**TASK DESCRIPTION**
Lines from the one with "Poster arte da parete con" through the end of the listing below are to be retyped exactly.

**MATERIALS PROVIDED**
□ □ □
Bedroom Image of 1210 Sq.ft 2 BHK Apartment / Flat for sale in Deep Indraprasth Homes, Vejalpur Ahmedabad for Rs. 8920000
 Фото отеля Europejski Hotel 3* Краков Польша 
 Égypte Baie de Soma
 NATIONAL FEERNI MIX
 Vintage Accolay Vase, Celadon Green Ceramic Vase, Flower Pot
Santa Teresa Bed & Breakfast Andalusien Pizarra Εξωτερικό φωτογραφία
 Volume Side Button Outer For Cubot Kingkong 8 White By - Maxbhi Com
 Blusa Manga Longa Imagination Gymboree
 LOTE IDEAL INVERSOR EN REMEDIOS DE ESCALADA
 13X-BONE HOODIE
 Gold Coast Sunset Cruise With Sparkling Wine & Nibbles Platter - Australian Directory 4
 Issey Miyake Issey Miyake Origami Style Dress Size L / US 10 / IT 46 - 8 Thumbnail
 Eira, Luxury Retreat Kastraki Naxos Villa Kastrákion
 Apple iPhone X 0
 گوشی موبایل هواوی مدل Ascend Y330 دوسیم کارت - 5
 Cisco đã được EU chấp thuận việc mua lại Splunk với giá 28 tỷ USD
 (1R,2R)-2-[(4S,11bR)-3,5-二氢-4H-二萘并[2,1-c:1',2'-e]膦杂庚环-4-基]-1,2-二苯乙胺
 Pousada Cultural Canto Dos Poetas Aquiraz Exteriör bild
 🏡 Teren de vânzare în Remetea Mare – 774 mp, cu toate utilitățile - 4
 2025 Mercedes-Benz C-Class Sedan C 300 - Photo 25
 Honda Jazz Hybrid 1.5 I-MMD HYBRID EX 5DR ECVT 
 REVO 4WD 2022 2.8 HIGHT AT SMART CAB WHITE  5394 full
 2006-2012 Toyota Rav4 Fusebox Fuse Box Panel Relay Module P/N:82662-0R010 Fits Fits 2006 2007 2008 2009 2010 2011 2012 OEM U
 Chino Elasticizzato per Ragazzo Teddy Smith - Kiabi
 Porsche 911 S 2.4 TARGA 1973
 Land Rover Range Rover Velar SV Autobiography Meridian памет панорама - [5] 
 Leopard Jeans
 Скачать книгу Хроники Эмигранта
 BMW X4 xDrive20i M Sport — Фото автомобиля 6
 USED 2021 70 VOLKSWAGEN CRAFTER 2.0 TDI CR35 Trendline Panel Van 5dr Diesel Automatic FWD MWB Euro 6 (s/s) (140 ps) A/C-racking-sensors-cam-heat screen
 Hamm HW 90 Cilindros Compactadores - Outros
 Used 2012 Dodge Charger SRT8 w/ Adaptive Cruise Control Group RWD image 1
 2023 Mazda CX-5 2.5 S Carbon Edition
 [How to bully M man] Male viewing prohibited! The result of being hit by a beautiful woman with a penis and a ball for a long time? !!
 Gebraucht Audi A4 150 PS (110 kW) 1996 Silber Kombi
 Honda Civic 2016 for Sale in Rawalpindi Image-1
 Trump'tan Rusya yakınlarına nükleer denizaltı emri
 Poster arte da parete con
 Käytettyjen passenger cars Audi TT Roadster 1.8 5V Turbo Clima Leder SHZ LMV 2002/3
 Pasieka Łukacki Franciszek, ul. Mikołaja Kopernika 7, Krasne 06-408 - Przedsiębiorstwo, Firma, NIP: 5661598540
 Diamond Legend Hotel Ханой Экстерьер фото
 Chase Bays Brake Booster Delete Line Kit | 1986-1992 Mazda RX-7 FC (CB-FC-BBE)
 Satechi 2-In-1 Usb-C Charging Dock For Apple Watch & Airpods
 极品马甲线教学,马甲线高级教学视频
□ □ □
**ANSWER TO THIS EXERCISE**
 Poster arte da parete con
 Käytettyjen passenger cars Audi TT Roadster 1.8 5V Turbo Clima Leder SHZ LMV 2002/3
 Pasieka Łukacki Franciszek, ul. Mikołaja Kopernika 7, Krasne 06-408 - Przedsiębiorstwo, Firma, NIP: 5661598540
 Diamond Legend Hotel Ханой Экстерьер фото
 Chase Bays Brake Booster Delete Line Kit | 1986-1992 Mazda RX-7 FC (CB-FC-BBE)
 Satechi 2-In-1 Usb-C Charging Dock For Apple Watch & Airpods
 极品马甲线教学,马甲线高级教学视频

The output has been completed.